The WRKY6 transcription factor modulates PHOSPHATE1 expression in response to low Pi stress in Arabidopsis.

Arabidopsis thaliana WRKY family comprises 74 members and some of them are involved in plant responses to biotic and abiotic stresses. This study demonstrated that WRKY6 is involved in Arabidopsis responses to low-Pi stress through regulating PHOSPHATE1 (PHO1) expression.

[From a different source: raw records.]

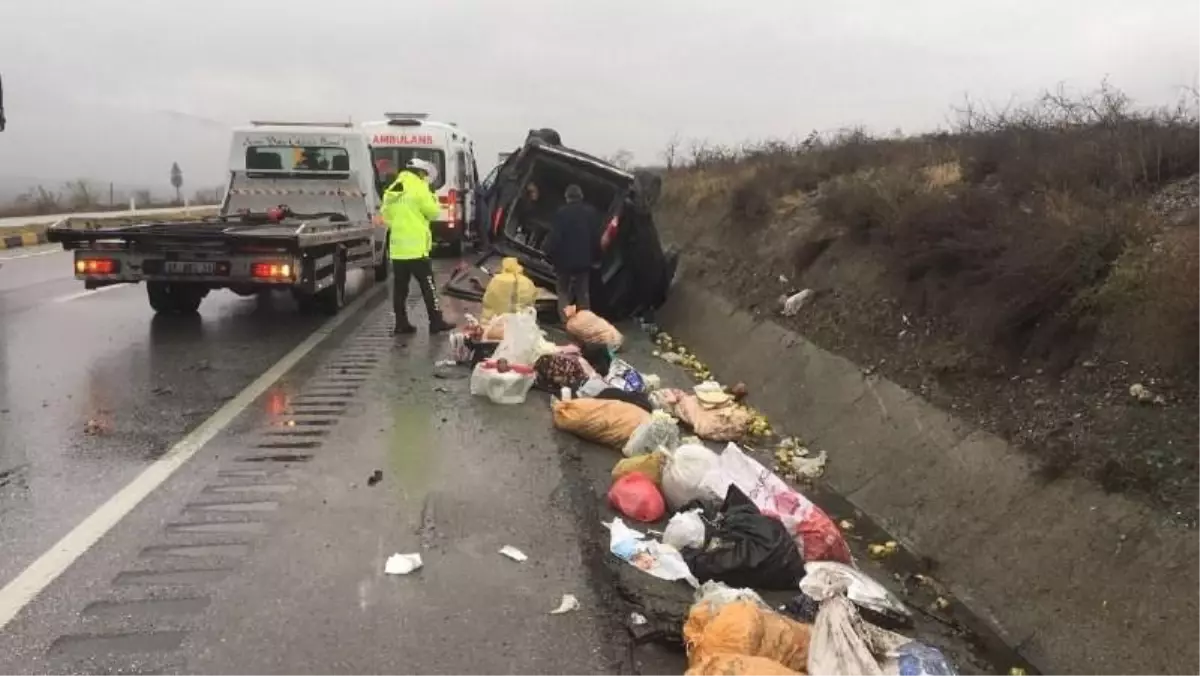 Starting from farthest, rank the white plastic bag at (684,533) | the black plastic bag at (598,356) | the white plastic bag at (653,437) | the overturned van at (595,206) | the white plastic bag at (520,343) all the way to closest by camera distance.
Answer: the overturned van at (595,206)
the black plastic bag at (598,356)
the white plastic bag at (520,343)
the white plastic bag at (653,437)
the white plastic bag at (684,533)

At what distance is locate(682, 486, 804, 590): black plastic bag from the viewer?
4.62 metres

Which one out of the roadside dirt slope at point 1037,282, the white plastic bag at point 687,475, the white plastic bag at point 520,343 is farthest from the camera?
the white plastic bag at point 520,343

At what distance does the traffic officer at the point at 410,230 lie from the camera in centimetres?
1029

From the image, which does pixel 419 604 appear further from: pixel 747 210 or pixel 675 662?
pixel 747 210

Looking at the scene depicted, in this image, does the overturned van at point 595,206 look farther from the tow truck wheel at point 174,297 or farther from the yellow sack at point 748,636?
the yellow sack at point 748,636

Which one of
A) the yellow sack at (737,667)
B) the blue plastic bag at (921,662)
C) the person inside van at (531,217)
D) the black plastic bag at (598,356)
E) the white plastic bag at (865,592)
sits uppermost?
the person inside van at (531,217)

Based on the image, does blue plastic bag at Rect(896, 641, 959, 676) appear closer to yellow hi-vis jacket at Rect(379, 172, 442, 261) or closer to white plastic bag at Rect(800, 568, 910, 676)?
white plastic bag at Rect(800, 568, 910, 676)

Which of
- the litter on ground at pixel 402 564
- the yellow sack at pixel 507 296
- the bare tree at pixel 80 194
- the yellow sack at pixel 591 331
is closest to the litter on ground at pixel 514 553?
the litter on ground at pixel 402 564

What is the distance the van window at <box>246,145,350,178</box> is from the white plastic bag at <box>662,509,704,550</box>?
1016cm

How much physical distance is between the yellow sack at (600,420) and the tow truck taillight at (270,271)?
14.5 ft

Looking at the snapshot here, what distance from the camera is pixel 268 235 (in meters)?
10.1

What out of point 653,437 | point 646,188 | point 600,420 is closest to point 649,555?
point 653,437

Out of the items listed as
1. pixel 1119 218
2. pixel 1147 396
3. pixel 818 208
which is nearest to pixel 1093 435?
pixel 1147 396

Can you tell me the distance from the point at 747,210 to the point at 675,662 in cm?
1191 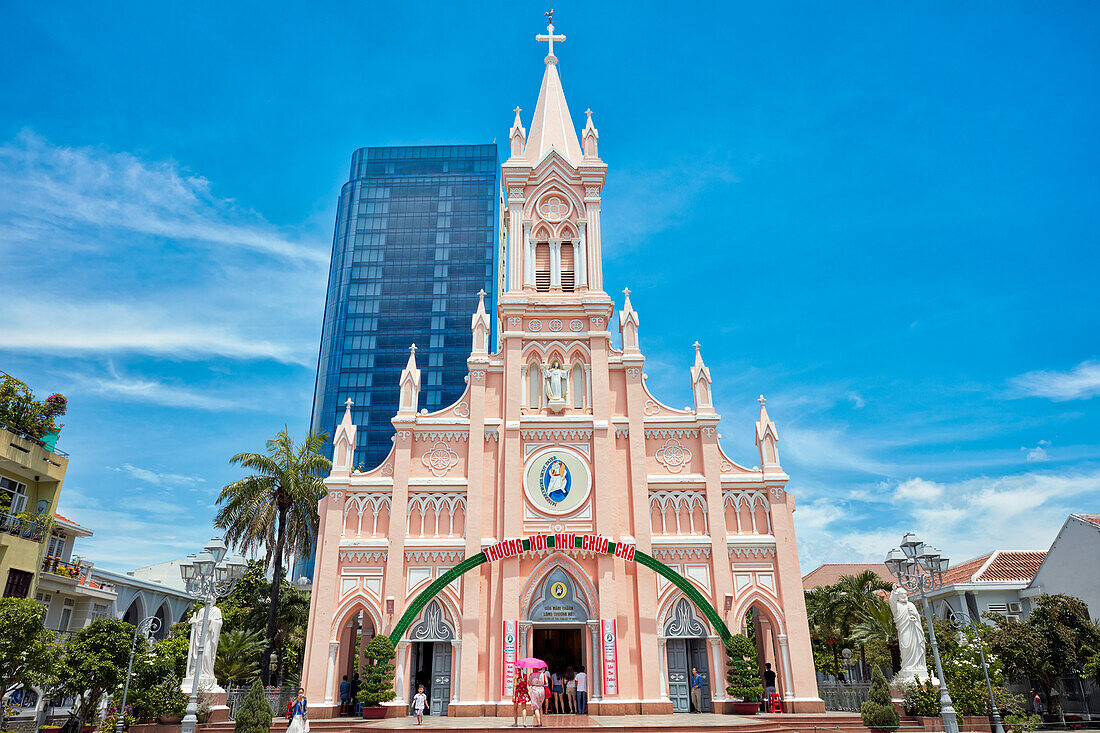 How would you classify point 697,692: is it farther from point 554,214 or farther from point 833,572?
point 833,572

WRKY6 overexpression lines, similar to the pho1 mutant, were more sensitive to low Pi stress and had lower Pi contents in shoots compared with wild-type seedlings and the wrky6-1 mutant. Immunoprecipitation assays demonstrated that WRKY6 can bind to two W-boxes of the PHO1 promoter. RNA gel blot and beta-glucuronidase activity assays showed that PHO1 expression was repressed in WRKY6-overexpressing lines and enhanced in the wrky6-1 mutant. Low Pi treatment reduced WRKY6 binding to the PHO1 promoter, which indicates that PHO1 regulation by WRKY6 is Pi dependent and that low Pi treatment may release inhibition of PHO1 expression. Protein gel blot analysis showed that the decrease in WRKY6 protein induced by low Pi treatment was inhibited by a 26S proteosome inhibitor, MG132, suggesting that low Pi-induced release of PHO1 repression may result from 26S proteosome-mediated proteolysis. In addition, WRKY42 also showed binding to W-boxes of the PHO1 promoter and repressed PHO1 expression. Our results demonstrate that WRKY6 and WRKY42 are involved in Arabidopsis responses to low Pi stress by regulation of PHO1 expression.